Data block »
=== Begin Enclosure ===

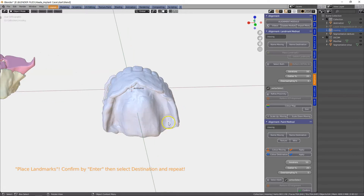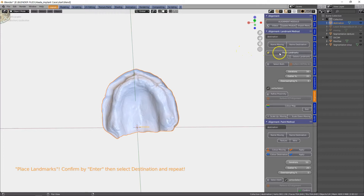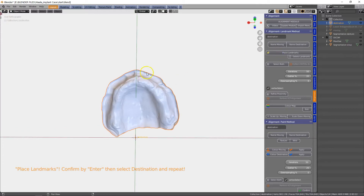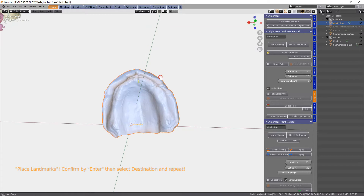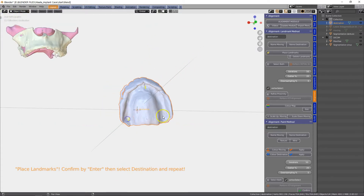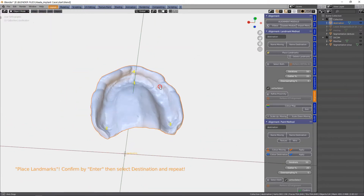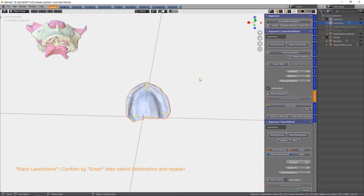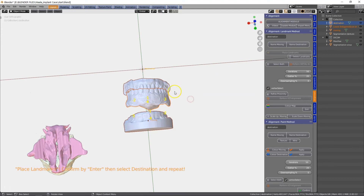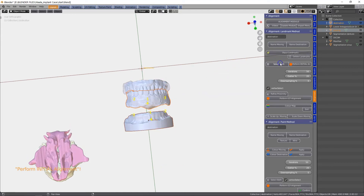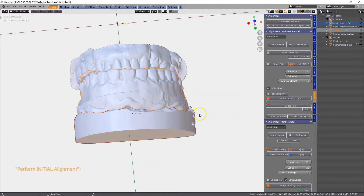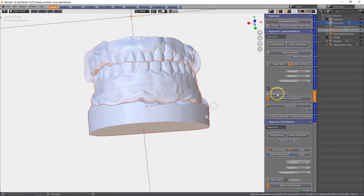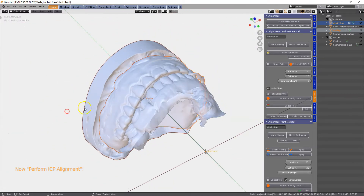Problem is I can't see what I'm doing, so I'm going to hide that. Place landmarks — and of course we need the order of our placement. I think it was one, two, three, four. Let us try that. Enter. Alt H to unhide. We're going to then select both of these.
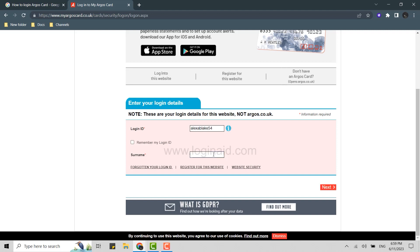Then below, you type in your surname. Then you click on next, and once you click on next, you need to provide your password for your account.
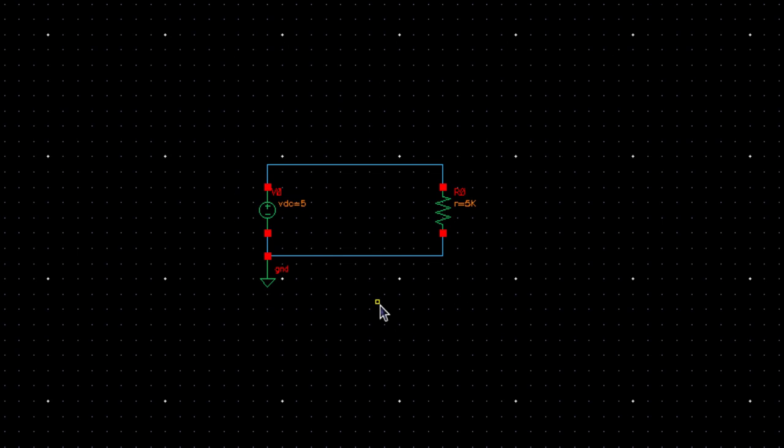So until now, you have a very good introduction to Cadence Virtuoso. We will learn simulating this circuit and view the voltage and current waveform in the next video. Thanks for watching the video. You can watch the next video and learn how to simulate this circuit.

=== End Enclosure ===

Task statement »
Everything from the line containing "Then below, you" to the final line of the listing above, both ends included, should be transcribed word for word, except for the pictures.

Response to the exercise »
Then below, you type in your surname. Then you click on next, and once you click on next, you need to provide your password for your account.
So until now, you have a very good introduction to Cadence Virtuoso. We will learn simulating this circuit and view the voltage and current waveform in the next video. Thanks for watching the video. You can watch the next video and learn how to simulate this circuit.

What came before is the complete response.